Out of the Bushes, A Shadow Government
|By CW Fisher
Throughout the Bush presidency I’ve been nagged by a mystery, nothing more than a feeling, but a strong one, that some essential piece of information has been right in front of us that could blow the lid off this company– country. Sorry about that.
When former Treasury Secretary Paul O’Neill recently declared that the Bushies had talked of invading Iraq before September 11, 2001, I was shocked. It was like I’d been shuffling across a thick carpet and touched a door knob.
Maybe the reason Mr. O’Neill’s assertion had such little impact was because he merely confirmed what many of us are in varying stages of figuring out.

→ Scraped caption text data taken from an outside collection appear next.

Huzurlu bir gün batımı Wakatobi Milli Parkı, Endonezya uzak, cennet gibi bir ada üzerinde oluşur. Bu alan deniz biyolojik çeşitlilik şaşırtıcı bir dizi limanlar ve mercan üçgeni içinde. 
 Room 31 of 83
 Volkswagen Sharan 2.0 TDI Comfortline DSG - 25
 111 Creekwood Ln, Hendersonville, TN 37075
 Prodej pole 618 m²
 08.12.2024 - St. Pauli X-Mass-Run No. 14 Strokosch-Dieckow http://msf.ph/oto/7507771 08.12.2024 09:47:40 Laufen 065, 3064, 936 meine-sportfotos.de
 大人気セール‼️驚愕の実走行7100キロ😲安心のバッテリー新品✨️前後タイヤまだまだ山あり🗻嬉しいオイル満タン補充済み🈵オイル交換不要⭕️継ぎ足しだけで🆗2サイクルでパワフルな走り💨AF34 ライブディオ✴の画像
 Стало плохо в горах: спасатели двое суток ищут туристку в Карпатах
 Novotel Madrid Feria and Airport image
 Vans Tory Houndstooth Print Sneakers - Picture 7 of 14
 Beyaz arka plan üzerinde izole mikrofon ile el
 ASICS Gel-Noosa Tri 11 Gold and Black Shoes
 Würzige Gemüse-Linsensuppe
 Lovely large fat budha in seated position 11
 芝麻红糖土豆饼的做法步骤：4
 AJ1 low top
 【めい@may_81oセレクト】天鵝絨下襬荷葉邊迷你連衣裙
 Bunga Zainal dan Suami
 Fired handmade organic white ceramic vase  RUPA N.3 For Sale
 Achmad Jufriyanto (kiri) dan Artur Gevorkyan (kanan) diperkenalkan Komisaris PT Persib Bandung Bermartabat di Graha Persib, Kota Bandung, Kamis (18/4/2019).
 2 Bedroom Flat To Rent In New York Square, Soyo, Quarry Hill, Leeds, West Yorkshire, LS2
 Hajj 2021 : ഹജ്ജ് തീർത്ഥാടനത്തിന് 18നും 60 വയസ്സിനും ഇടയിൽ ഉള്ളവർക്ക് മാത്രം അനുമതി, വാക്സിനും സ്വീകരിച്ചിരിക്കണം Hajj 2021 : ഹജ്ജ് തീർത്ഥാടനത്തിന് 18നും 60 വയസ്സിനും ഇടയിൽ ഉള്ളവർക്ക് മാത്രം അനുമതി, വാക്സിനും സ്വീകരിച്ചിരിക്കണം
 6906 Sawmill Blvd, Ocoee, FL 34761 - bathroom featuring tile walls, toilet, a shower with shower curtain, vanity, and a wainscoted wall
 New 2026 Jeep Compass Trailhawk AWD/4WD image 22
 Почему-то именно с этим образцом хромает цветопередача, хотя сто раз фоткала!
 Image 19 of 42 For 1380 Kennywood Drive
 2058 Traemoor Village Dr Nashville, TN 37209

Everybody knows Geo.D wanted Saddam’s ashes in a can for trying to kill his Poppy. Saddam was going down.
It was a dot to dot. Gradually the picture fills in. The decision to invade Iraq was likely made long before a candidate was even picked. It wouldn’t be surprising if Cheney was on the team before Bush. The identity of the true progenitor of this “shadow government,” as Dick Cheney called it, is unknown. Obviously it’s James Baker. All signs point to him as the de facto chairman of AmeriCo.
Who takes the Florida vote straight to the Supreme Court? Baker! James Baker. Who gets debt relief from the French for Iraq? Baker! Damn right. They say this cat Baker a bad mother-shutyomouf!
Nothing has changed. The Bushes have always called Mr. Baker in crisis. There’s no doubt he’s smarter than any of the Bushes, perhaps all of the Bushes put together--it’s just so hard to measure those types of things, especially factoring in his brother Neil.
September 11 may have delayed the invasion but the Bushians didn’t let it interfere; in some ways it gave them cover. They couldn’t make a terrorist pitch stick against Iraq, so they went with the original plan, WMD, and bought in key members of Congress a few at a time in a bug-proof room of the capitol building where it can be presumed they shared their best shot, the bogus Nigerian receipt for dirty bomb parts, then sent them loose to act like big shots who knew but couldn’t tell. Nobody can resist being handed that kind of power. Knowing that the gist of their message would get out quickly, the Bushians triumphed, privately, laughing creepily. Congress gave them a blank check. Dubya got it done.
Or was it Mr. Baker again? James Baker. Chairman of the Board. AmeriCo.
Sept. 11 gave President Bush a single focus: the security of the American people. He raised his pitch in the righteousness of victimhood, but the world saw vengeance. To the world it looked like Bush couldn’t punch Osama so he was going to punch Saddam. Basic bully stuff. You can’t reason with a person like that.
George Bush may have been a little nuts in those days, but he never left a doubt that he meant business. He would not tolerate weapons of mass destruction to be pointed at his country. He was goin’ in. Imaginary or not!
Dubya, Dubya, toil and twubya. George is only doing what he knows how to do; working the playground, playing the part, picking up the script from where the story left off; it’s Godfather II, he’s Al Pacino, only worse, he’s for real and he knows it. A classic bully, surrounded by sycophants, right down to the loyal old timers from Poppy’s turn.
George W. Bush, eldest son, boyhood leader, father’s avenger, mother’s servant, accidental front man for the most powerful organization on earth: The United States of AmeriCo.
Unattached to policy, disinterested in details, George W. Bush requires little tutoring to understand what needs to be done and just how to say it so it’s punchy. Real punchy. One punch after another. Punchy. Like that.
Mr. Bush has evolved into a man of measured words, perhaps because he has so few at his disposal. This is where his cool looks come in. Picture him alone before a three-way. Bring it on. That’s right. Alive? Dead? Doesn’t matter. I personally? I’d like to see Saddam pay the ultimate penalty. That’s right. You're going to Mars. You like that?
What I found so frightening in Paul O’Neill’s story was not the part about Iraq, but his description of his job interview, a one hour meeting in which George Bush said absolutely nothing.
Taking it all in? So absorbed in what he was hearing he was unable to speak?
Or was George simply unable to understand a single word that came out of the mouth of his future Treasurer, and rather than admit it, didn’t he simply sulk, hoping it would appear that he was brooding, maybe even troubled by some of it?
George has his share of problems, it’s no secret, but he does a pretty workmanlike job for the company and it’s appreciated. He’s not stupid. Nobody’s dumb enough to imply that. It's true he’s mostly sideshow and diversions, and he can sulk a bit when they don't let him do everything he wants.
AmeriCo is set up a little differently from World One, it's really not for us to know, but George Bush is essentially a hand puppet and a damn good one. And the hand inside him is a fist the size of Texas and it packs a punch as seen on TV. He’s a rootin’ tootin rodeo cowboy all right.
But thank God he’s not really in charge.
Obviously Bush never hired O’Neill, and the reason he was silent and squirming during the interview was because he was obeying someone unseen.